There are four full-time crossing guards: Fred Link, Dave Johnson, Marlin Hagen and Steve Langford. This is Langford’s 11th year working as a crossing guard.
“I used to do this in grade school and junior high,” Langford said.
Crossing guards are city appointed positions but they work with the police department. Anyone who wishes to be a crossing guard needs to fill out an application and undergo a background check since they’ll be working with children.
Langford is usually wearing his lime green safety vest. When it’s cold out, he’ll wear a blaze orange jacket and matching pants. He said all the crossing guards are either wearing bright safety vests or other bright colors. They also all have a large, orange flag that says “STOP.”
The crossing guards are stationed at crosswalks at :Victoria and South Grant; South Orient and Victoria; South Prairie and Victoria; School and Highland.
They get there at 7:30 in the morning. While school starts at 8 a.m. at the elementary school, the crossing guards stay until around 8:10 a.m. since some children arrive late. The afternoon shift starts at about 2:45 and lasts until around 3:30.
Children that live close enough to walk to and from school, or go to a nearby daycare or relative’s house use the crosswalks. They see all ages of elementary school children and even some high schoolers.
When Langford is stationed at the crosswalk, he sees a lot of drivers go by and observes many different behaviors. Not all of them are admirable.
“They’ll have cell phones to their ears. I see people blow through stop signs,” he explained.
“There’s speed limit signs all around the school. It’s 20 mph when children are present, Langford said.
Minnesota State Law is 20 mph in a school zone. There are marked signs around the elementary school and near St. John Vianney School and St. Paul Lutheran School as well.
“Especially this time of year, slow down. If you’re going to be late, start out earlier,” Langford pleaded.
He pointed out that slippery roads make it harder to stop when it’s needed.
As Langford pointed out children are at the school playground not just during the school day but on weekends too.

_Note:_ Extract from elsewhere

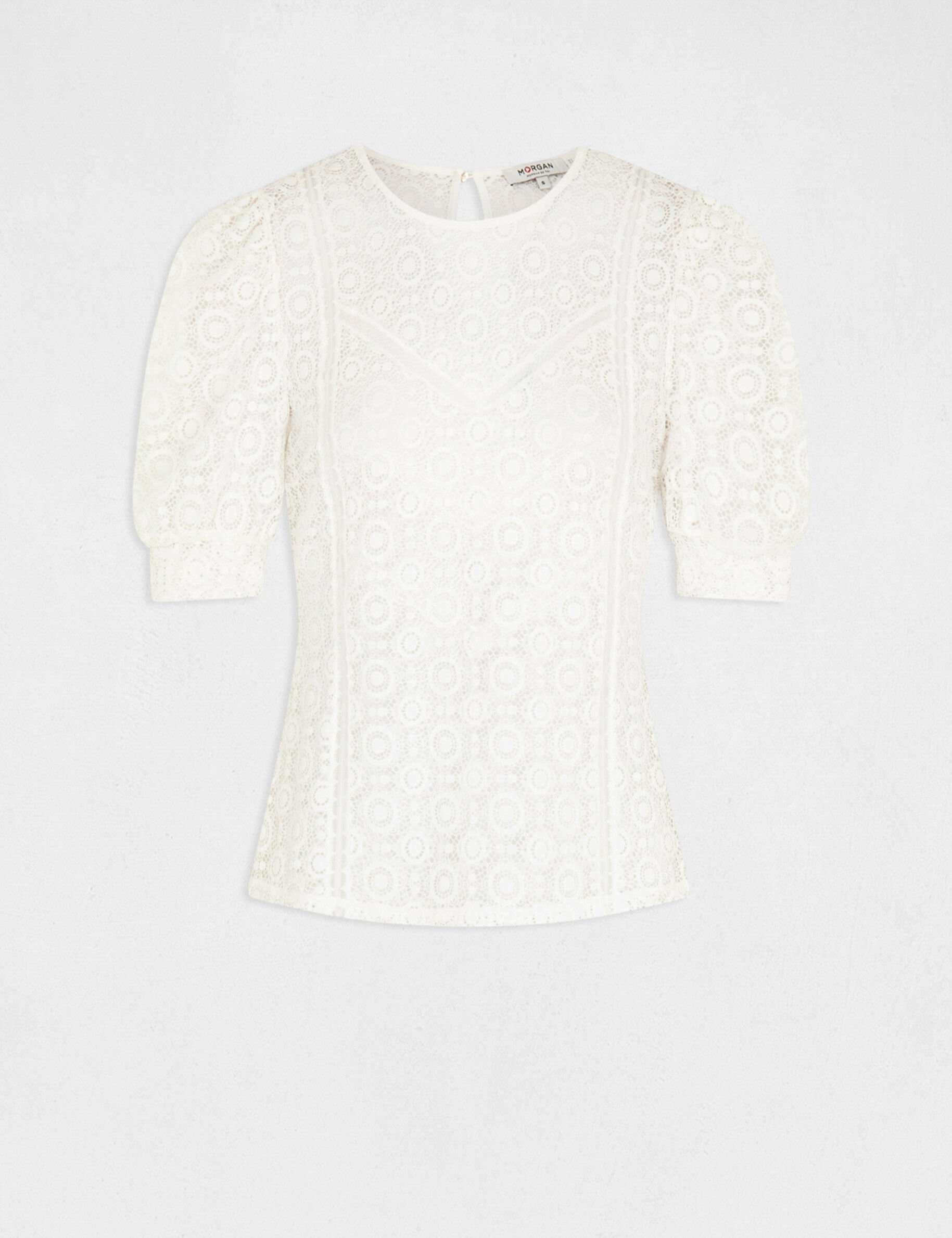 T-shirt manches courtes en dentelle ecru femme - ecru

If a ball gets loose, children will chase after it without checking their surrounding first so it’s important for a driver to be aware, especially when driving near a school playground.
When someone is walking through the crosswalk, they are in the right of way and cars are required to stop.
“If any pedestrian is off the curb, you’re suppose to stop,” Langford reminded.
Langford expressed frustration because parents often park across the street from the school and the children will run across the street to them without using the crosswalk.
“Who are they going to listen to? Me, or mom and dad? We’re there for the protection of the kids,” Langford said of the crossing guards.
Even on mornings when it’s below freezing or raining, the crossing guards will still be seen at their posts.
“As long as school is in session, we’re out there everyday,” Langford said.
He has seen many children grow up over his years of working as a crossing guard. He has also seen siblings pass through.
“There’s at least two girls that I met here that are graduating high school this year” Langford said.
“The kids thank us, both the girls and boys. It’s nice to hear. We love those kids. We look out for them and they treat us well.”